COMMUNITY ENGAGEMENT

The ORÍ Group is deeply committed to involving community members in all stages of its activities in Brazil. From the outset, we have adopted the principle that guides our practice: ‘no research about us without us.’ This means that each phase of the research—from methodological construction to the implementation of interventions—is developed in a participatory manner, side by side with the quilombola and urban communities with which we work.

Community engagement requires, first and foremost, recognising and engaging in dialogue with the various actors that make up each territory. In the quilombola communities of Bahia and in Heliópolis in São Paulo, this involves quilombolas, local residents, students, families, health professionals, community leaders, civil society organisations, representatives of educational institutions, cultural collectives, religious leaders and other social agents. The diversity of these interlocutors ensures that ORÍ is constructed in a pluralistic manner, respecting different points of view, experiences and knowledge.

Field visits and face-to-face meetings conducted by the research team are essential for establishing bonds of trust and creating spaces for listening. More than just gathering information, these moments allow us to understand the daily challenges of racism, social inequality and exclusion in access to mental health care, while revealing the local strategies of care, solidarity and resistance that already exist in these territories.

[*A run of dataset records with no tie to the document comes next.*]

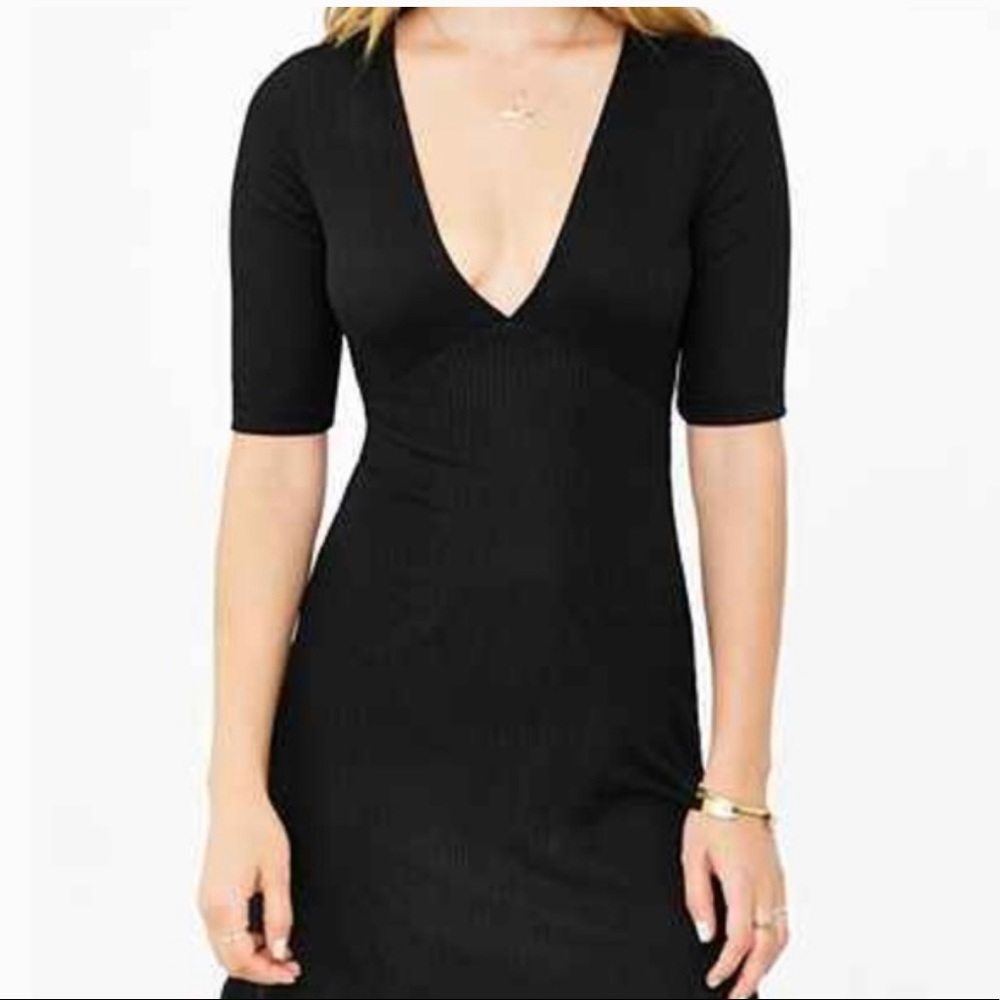 Silence + Noise Knit V-Neck Dress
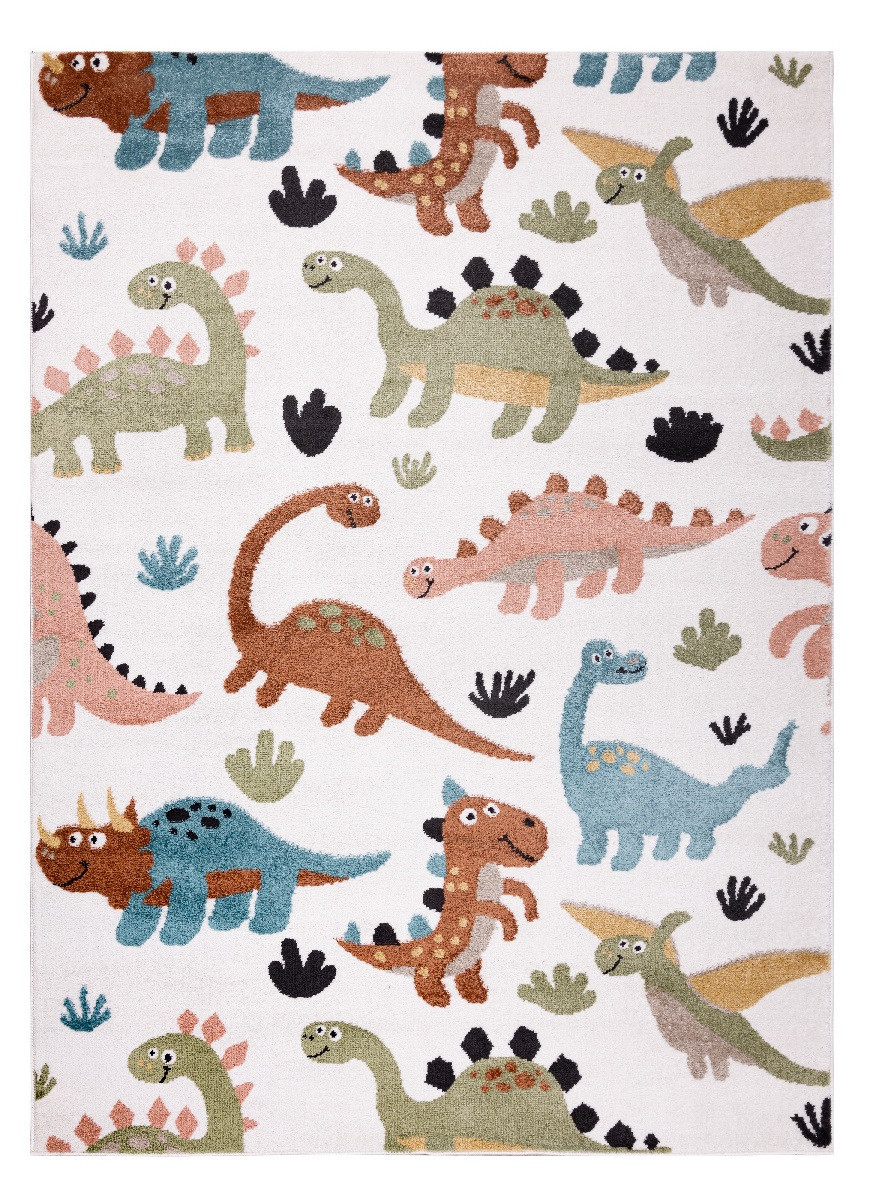 Dětský kusový koberec Fun Dino cream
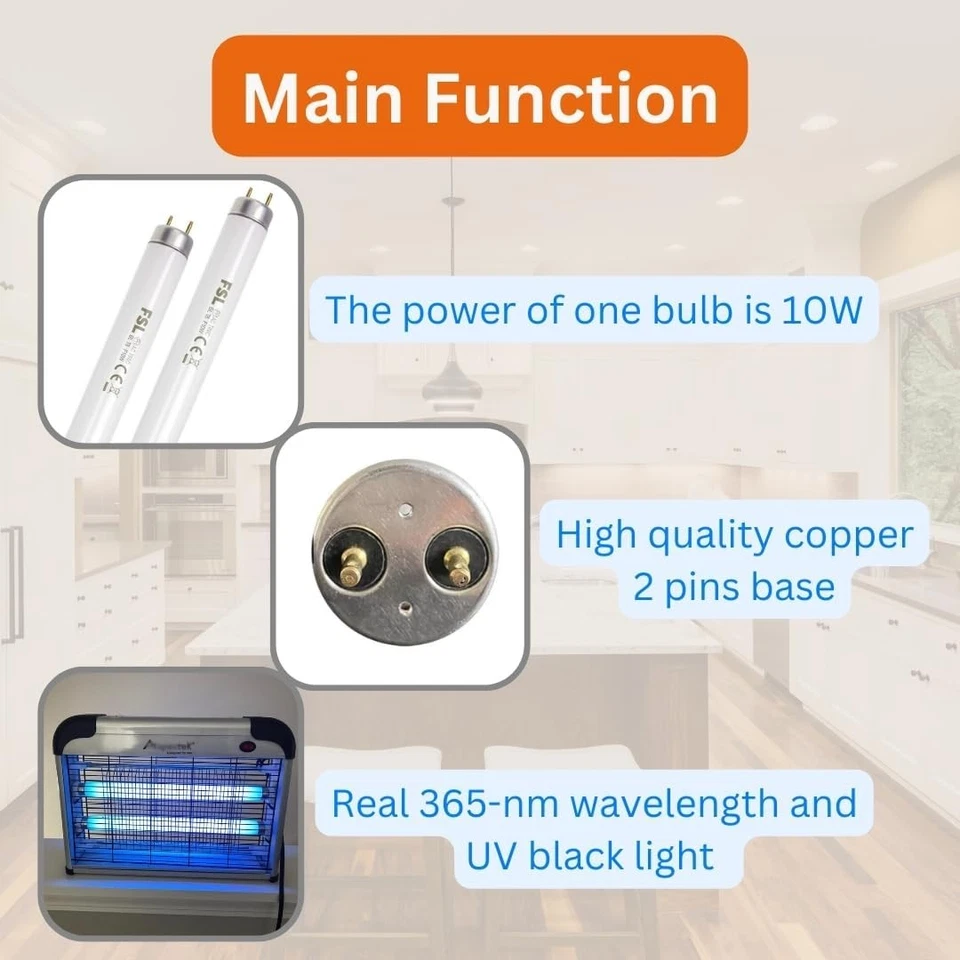 T8 10W Bug Zapper Replacement Light Bulbs for 20W Electric Insect Killer T8F10W - Image 3 of 4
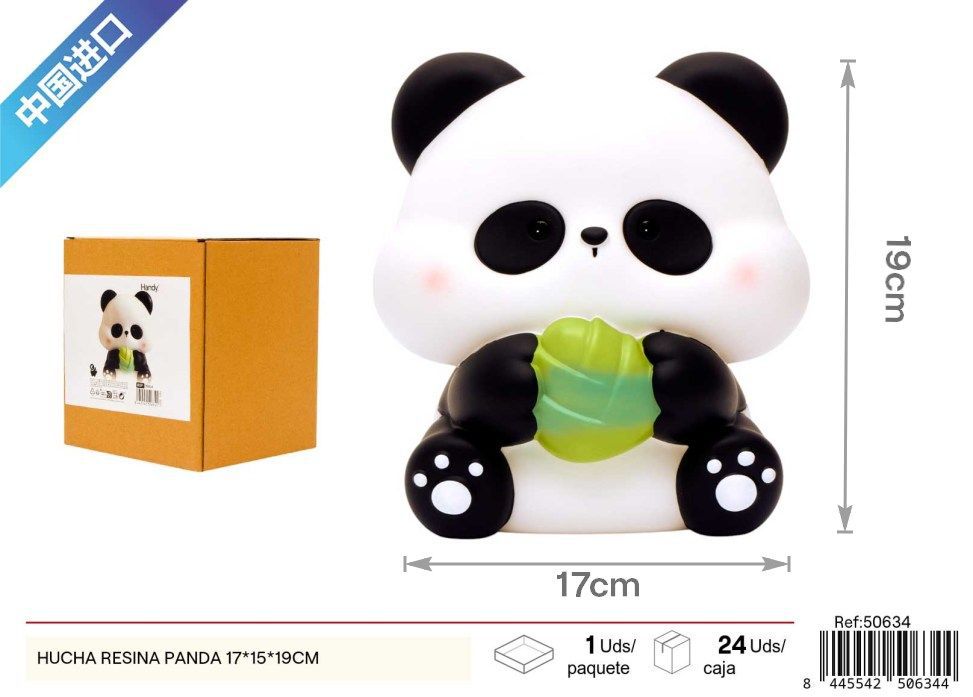 Hucha de resina panda 17x15x19cm - Diseño divertido y funcional para ahorrar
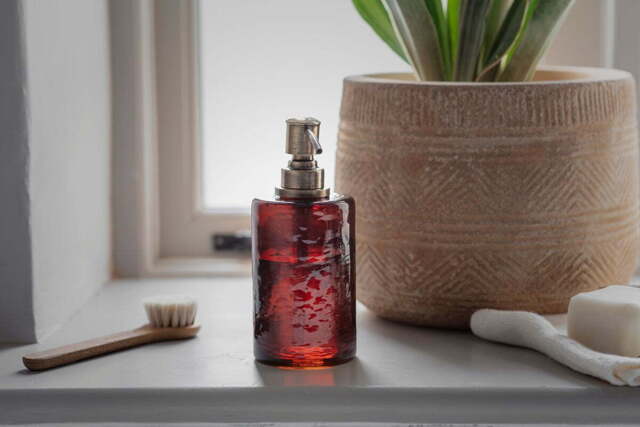 nkuku Ilcoso Recycled Hammered Glass Soap Dispenser - Bathroom - One Size - Amber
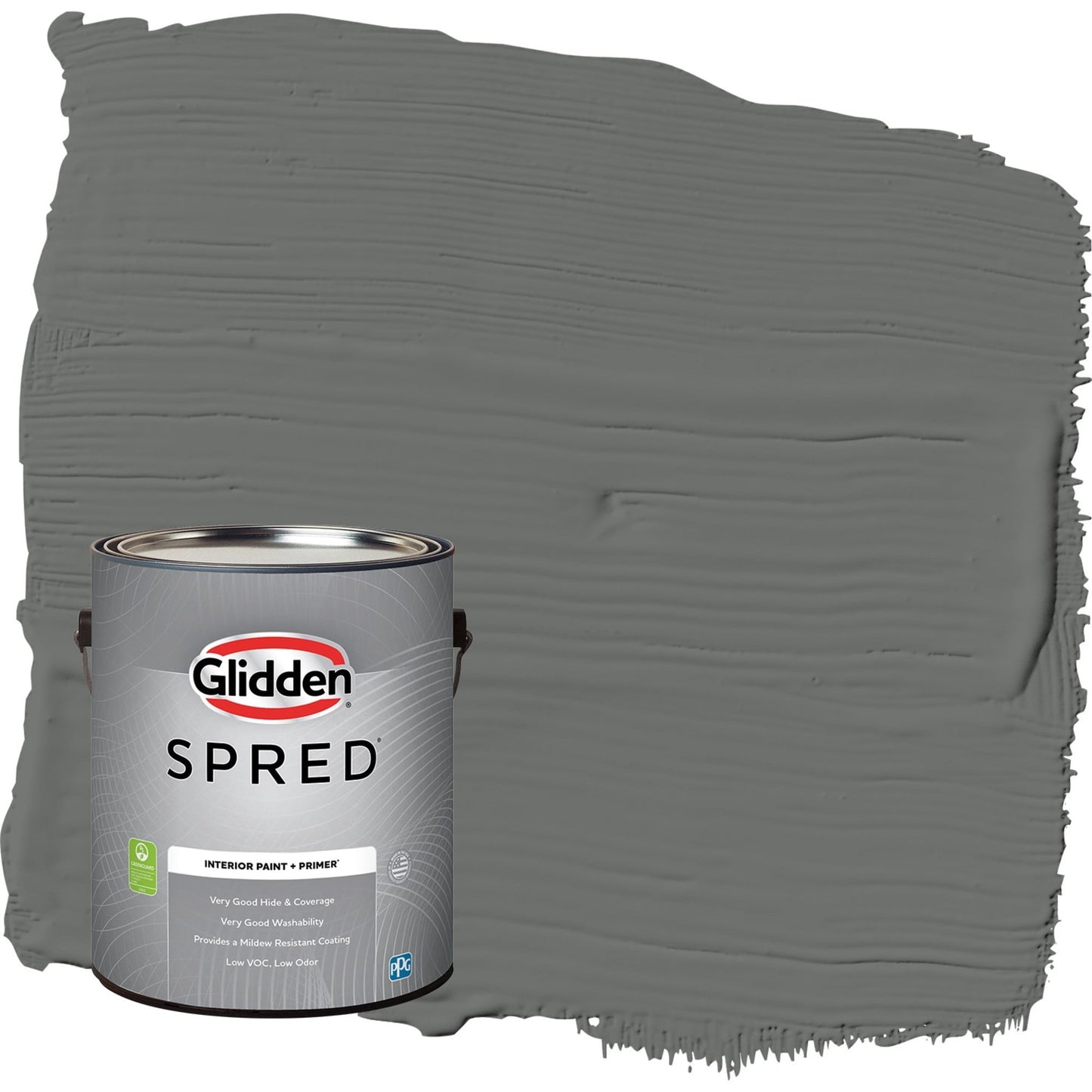 Glidden Spred Up in Smoke / Gray, Semi-Gloss Interior Paint with Primer, 1 Gallon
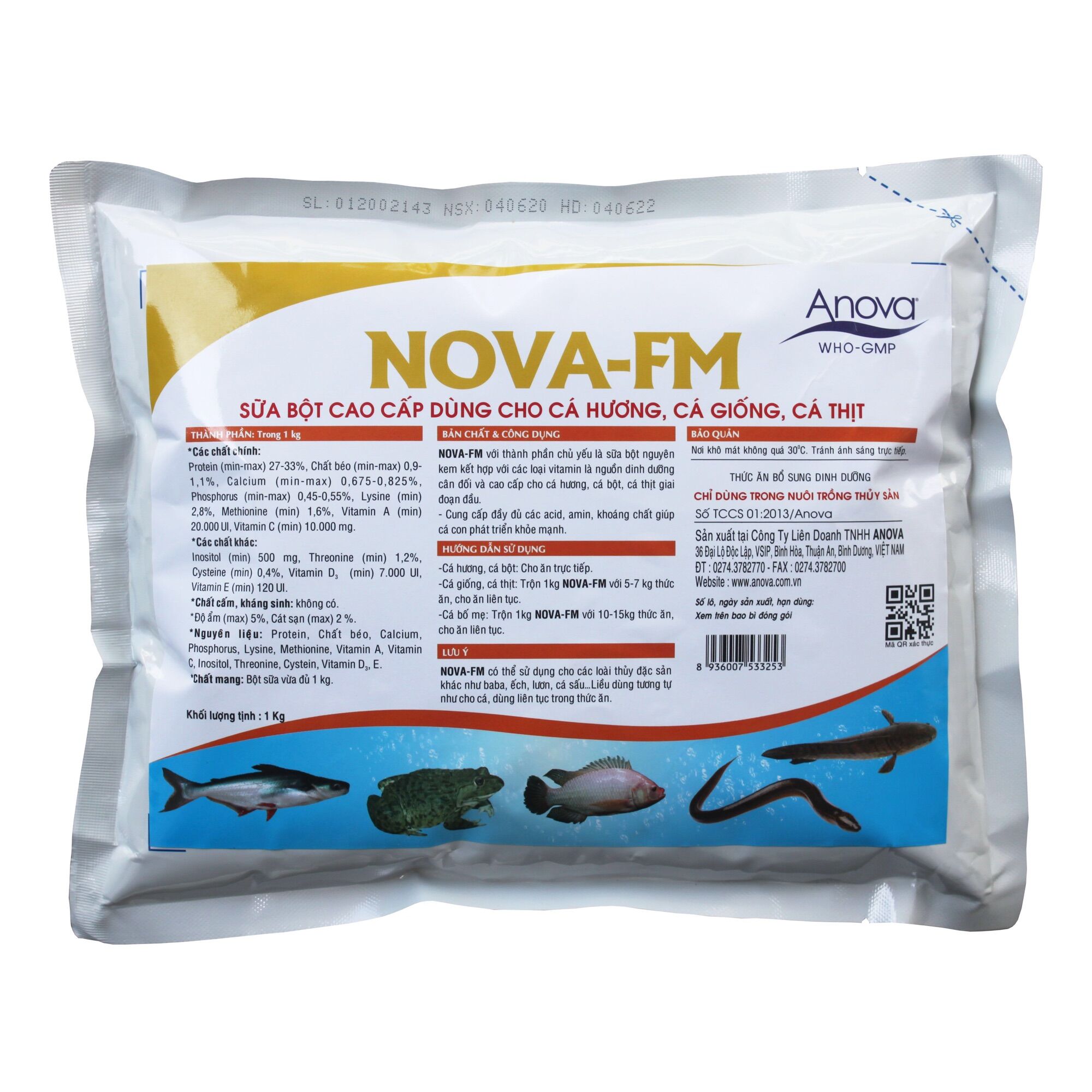 SỮA BỘT CAO CẤP DÙNG CHO CÁ HƯƠNG, CÁ GIỐNG, CÁ THỊT FM TÚI 1 KG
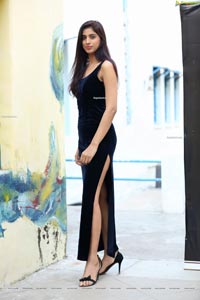 Naziya Khan in Navy Blue High Slit Velvet Dress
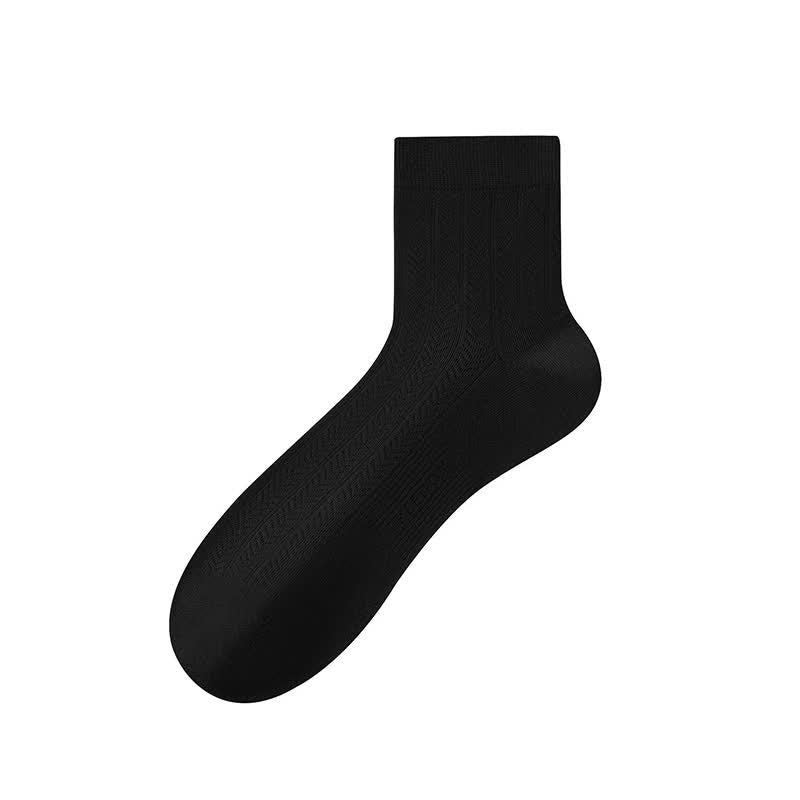 Plusock Sheer Herringbone Quarter Socks(4 Pairs) - Black - EU38-43(US5-9) - image 6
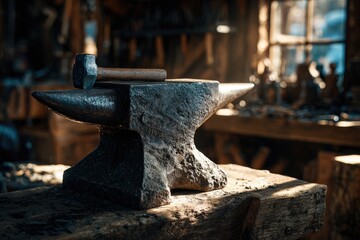Anvil and hammer in rustic workshop, sunlight streams, tools background, blacksmithing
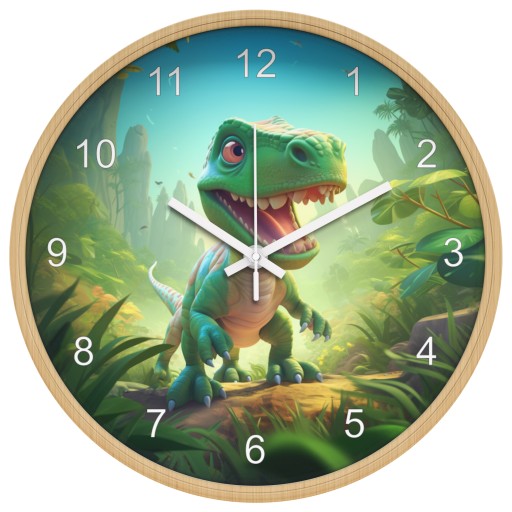 Nietykający cichy zegar ścienny dinozaur 25 cm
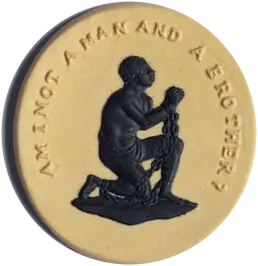 Wedgwood jasperware medallion of 1787, a kneeling man in chains, motto Am I not a man and a brother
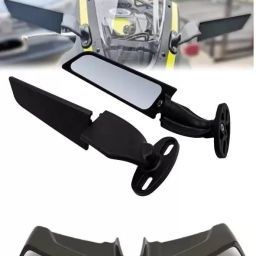 Combo of Universal Motorcycle Rotating Side Bike Wing Mirror With Bike Wings Bike Crash Guard-image-60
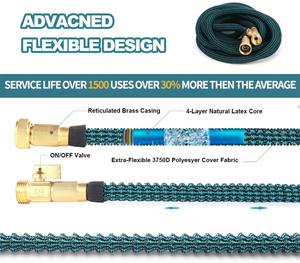 Tuyau de Jardin Extensible 7-en-1 Magique Jade Hill de 7,5m à 45m avec Connecteur en Laiton, Flexible, Rétractable, Anti-UV et Anti-Corrosion – Nouveauté ! - Product Image 3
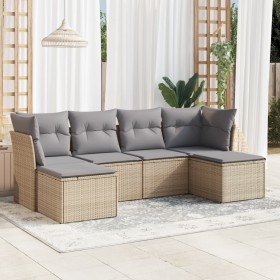 Juego de sofás jardín con cojines 6 pzas ratán sintético beige de , Conjuntos de jardín - Ref: Foro24-3218009, Precio: 326,87...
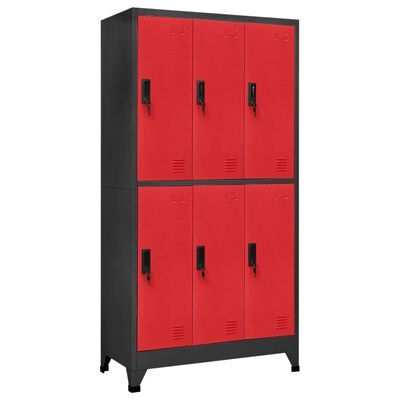 vidaXL Dressing Cabinet, AnthraciteRed, 90x45x180cm, Steel(SKU339814)
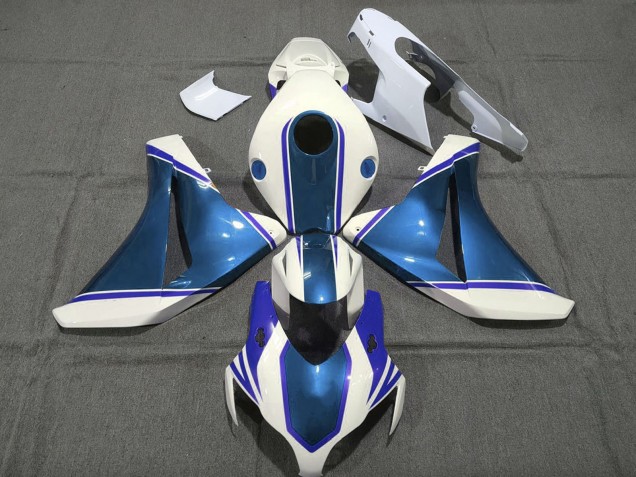 2008-2011 Honda CBR1000RR Motorcycle Fairings - White Glossy Pearl Blue UK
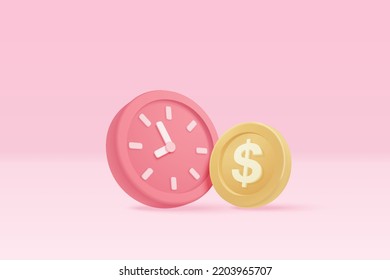 3d despertador con inversión de dinero para crecer en concepto de tiempo. Las inversiones empresariales generan ganancias y ahorros financieros, dinero rápido, préstamos rápidos. Icono de tiempo Ilustración vectorial ilustración en fondo rosa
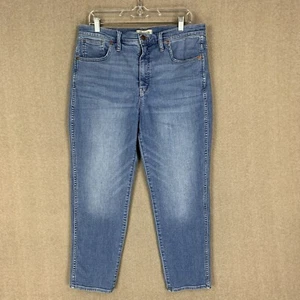Jeans dritti J Crew Stovepipe 31 x 26 blu denim vita alta crop caviglia preppy - Foto 1 di 10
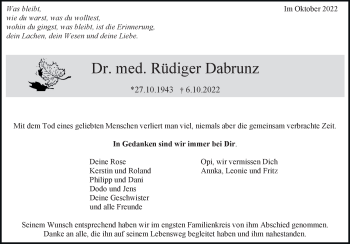 Traueranzeige von Dr. med. Rüdiger Dabrunz von Heidenheimer Zeitung
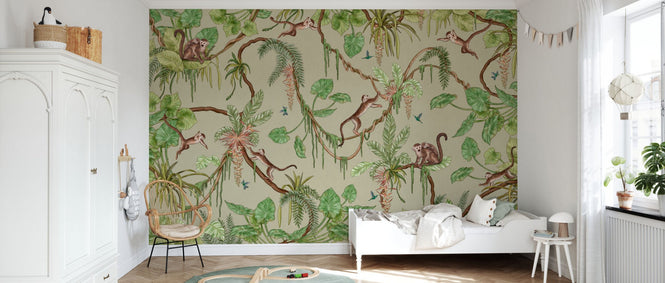 PHOTOWALL / Playful Monkeys - Green (e94585)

In ORÍ, we recognise and value the knowledge produced by communities — whether ancestral, cultural, spiritual or practical — and seek to articulate it with academic, biomedical and anthropological knowledge. This combination of perspectives enables the co-creation of new knowledge, which will serve as the basis for the development of culturally sensitive and sustainable interventions.

Our commitment is to avoid single, standardised models of engagement. Each community has its own history, identity and modes of organisation, and it is in this respect for uniqueness that ORÍ finds its strength. Community engagement, therefore, takes different forms in each territory, but with the same goal: to work in partnership with communities, recognising them not as objects of research, but as protagonists and partners in the process of social transformation.